By: Soomedha Vasudevan and Nick Chu
In the competitive world of professional tennis a player’s success goes beyond their raw talent; they must also navigate several different external and internal challenges. A prominent external factor that significantly influences player performance is the variety of playing surfaces–clay, hard, and grass. Each surface poses distinct challenges, demanding different skill sets and highlighting adaptability as the key to success. As the Association of Tennis Professionals (ATP) tournaments unfolded, certain players demonstrated a notable edge in win percentages, prompting a crucial question: What skills drive these players to success on specific court types?

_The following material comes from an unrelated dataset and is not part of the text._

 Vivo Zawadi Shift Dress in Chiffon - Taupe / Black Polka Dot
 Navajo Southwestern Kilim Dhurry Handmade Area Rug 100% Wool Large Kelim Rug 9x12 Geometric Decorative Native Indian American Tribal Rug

To discover these skills, we need to explore player statistics and analyze the correlation between specific player attributes and winning percentages among the court surfaces. From observing matches and the court types, some predictions arose on what skills each court type championed. Clay courts seem to favor players who excel in longer rally lengths, while grass courts highlight higher ace-winning percentages. In contrast, the hard courts, which are the highest in popularity, are a lot more random and unpredictable in their valued skills. Notably, player Carlos Alcaraz dominates both clay and grass courts with winning percentages of 89.3% and 100%, respectively. While his specific skills, such as rally lengths or ace numbers, may not be outstandingly impressive compared to his opponents, his consistent success evokes curiosity. This highlights the necessity of studying overall trends rather than focusing solely on individual player abilities. This article aims to study the correlation between skills and win percentages as we try to determine which attributes are the most advantageous for players based on their match surfaces.
As the most common, standard surface, hard courts generally do not have a particular trait that make them stand out compared to clay and grass courts. The speed and bounce of the ball on hard courts is relatively normal compared to the other two surfaces, meaning that the best hard court players in the world tend to be the best overall players in the world, with varying playstyles from aggressive baseliners to counterpunching defensive juggernauts. Therefore, our predictions for how playstyles on serve, rally, and return for the best hard court players were that there would not be too much correlation between any stat and hard court win %, as various playstyles are effective on hard courts.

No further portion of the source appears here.